# Lawyer needed in Mexico City



## Isla Verde (Oct 19, 2011)

I need a good lawyer to help me sue an insurance broker who has been dilly-dallying for over 4 months about getting me a refund from a health insurance company that cancelled my policy back in March. Please send any recommendations to me via PM. Many thanks!


----------



## joaquinx (Jul 3, 2010)

I thought that you were going to Profeco with the complaint. No luck them resolving the problem?


----------



## Isla Verde (Oct 19, 2011)

joaquinx said:


> I thought that you were going to Profeco with the complaint. No luck them resolving the problem?

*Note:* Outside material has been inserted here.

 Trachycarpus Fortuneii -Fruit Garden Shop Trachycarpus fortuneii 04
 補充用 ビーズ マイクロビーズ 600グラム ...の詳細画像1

Never went to PROFECO. From the information on their website, it appears that they don't handle problems with insurance companies.


----------



## RVGRINGO (May 16, 2007)

Lawyers are really good at taking your money, until you realize that it is a lost cause.


----------



## Isla Verde (Oct 19, 2011)

RVGRINGO said:


> Lawyers are really good at taking your money, until you realize that it is a lost cause.


No need for doom and gloom, RV. Anyway, I just found a lawyer who's a friend of a good friend here. In any event, I won't let him take me for a ride, and anyway my cause is far from lost!


----------



## RVGRINGO (May 16, 2007)

I hope you are right. Good luck.


----------



## Isla Verde (Oct 19, 2011)

RVGRINGO said:


> I hope you are right. Good luck.


Thanks. I feel better just because I've started to take action instead of sitting around waiting for the problem to solve itself.


----------



## Isla Verde (Oct 19, 2011)

I just met with my lawyer and things are looking good for a positive resolution to my problem. :fingerscrossed:


----------